1000 Recordings #8: Also Sprach Amazing Allison
Back when Critical Masses was just a pocket of gas in my overworked intestines, I had a blog called Auscultated Sixfold where I chronicled my thoughts resulting from an ambitious project to listen to all one thousand albums in Tom Moon’s 1000 Recordings to Hear Before You Die. I only got through 90 of them between April and November of 2009. By the time we started this site the following summer, I’d abandoned the attempt. While I’m not quite ready to say I’m going to begin listening to album number 91, I have decided to lightly edit my scribblings about the first 90 and post them here for posterity.
Greatest Hits by Mose Allison (1992/Prestige)
So… I hadn’t heard of this guy, but it turns out I’ve heard some of his songs covered by other people. Allison is kind of a singer/songwriter before there was such a thing. A piano player, but more jazz based then, say, Elton John or someone like that. It seems Allison one of those musicians that don’t quite fit a category. Perhaps that’s why he’s had a broad influence on other artists; “Allison,” the Pixies song, apparently is even about him. Anyway, I guess part of the appeal is the juxtaposition of a soft, jazzy kind of sound with some clever, cynical lyrics. I appreciate knowing about him, but I like the covers of his stuff better than his originals.

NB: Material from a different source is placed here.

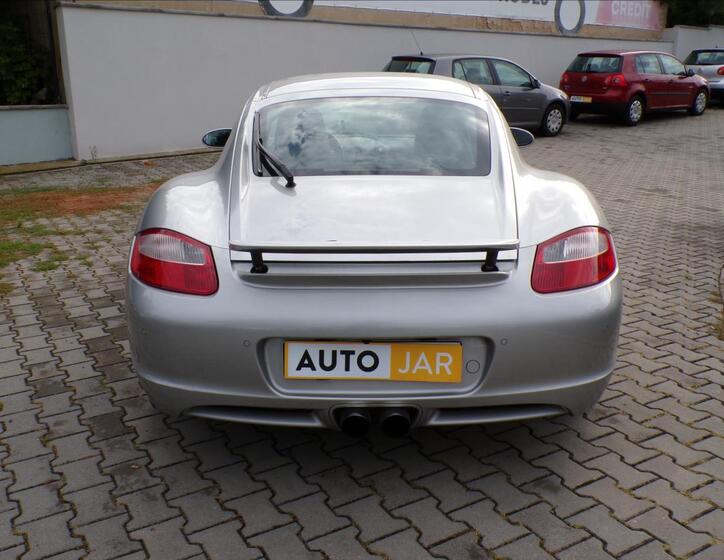 Porsche Cayman 5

“Also Sprach Zarathustra” by Richard Strauss; Royal Philharmonic Orchestra (Composed – 1896; Recording – 2006/RPO)
Well, I’ve heard the opening of this one a few thousand times. It was made famous by 2001: A Space Odyssey, but has been pretty ubiquitous beyond Kubrick’s use of it. Both Ric Flair and Dream Theater have used it as entrance music. So… a little ostentatious, maybe? It’s hard to hear this with fresh ears. Well, the opening at least. The rest of it is pretty unfamiliar. It is apparently a “tone poem,” a concept I only kind of understand. It’s also, of course, based on the Nietzsche book. Anytime anything is based on Nietzsche I get wary. Nothing to do with his philosophy or my agreement or disagreement with it, it’s just the tendency for anything related to Nietzsche to be super heavy-handed. Ric Flair and Dream Theater indeed. My response here is a hearty MEH.

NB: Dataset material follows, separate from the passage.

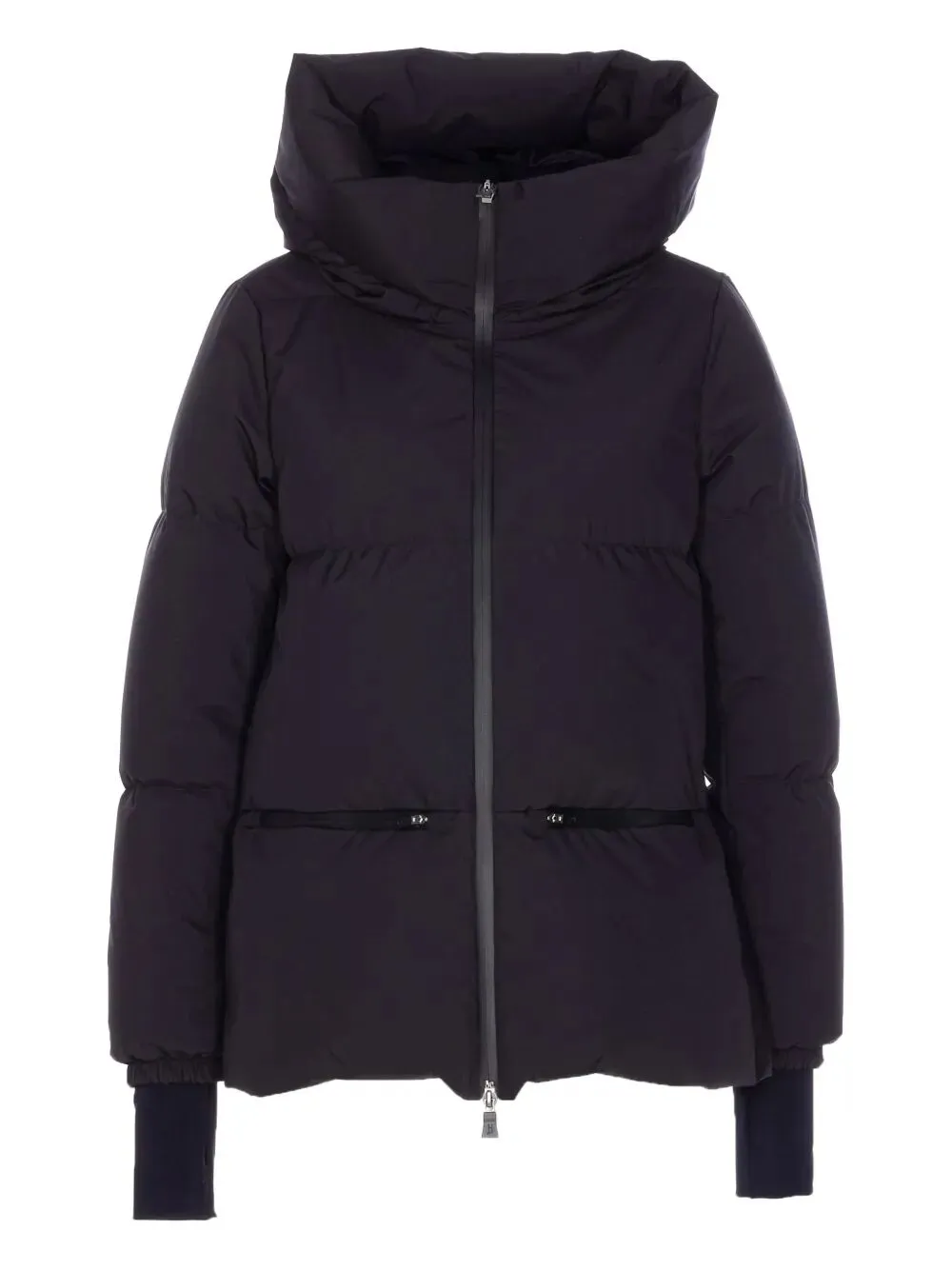 2layers Hooded Short Down Jacket sold by Wanan Luxury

This is a honest-to-goodness gospel concert performed by Franklin with pastor James Cleveland and the Southern California Community Choir. It sounds like church, if your church happens to feature one of the greatest female R&B voices in history. A double album, Amazing Grace features fourteen hymns, from the title track to “You’ve Got a Friend” to “Climbing Higher Mountains.”
When she released this album in 1972, Franklin was at the peak of her career. She was returning to gospel, as she had gotten her start singing in her father’s church in Detroit growing up. She wasn’t the first or last R&B singer to do so, but I’ve never heard someone do so with such success. This album made the Top Ten at the time, and, according to Wikipedia, eventually sold over two million copies in the United States. I’d say the attention is well-deserved. I am really picky when it comes to gospel music. It isn’t something I feel like listening to often, but when I do, I am always on the lookout for schmaltz and a bit hyper-critical of musical quality as there is so much bad religious music out there. Amazing Grace, however, passes my tests. Franklin is absolutely amazing and things are kept simple musically, featuring her and the choir with a small band accompanying.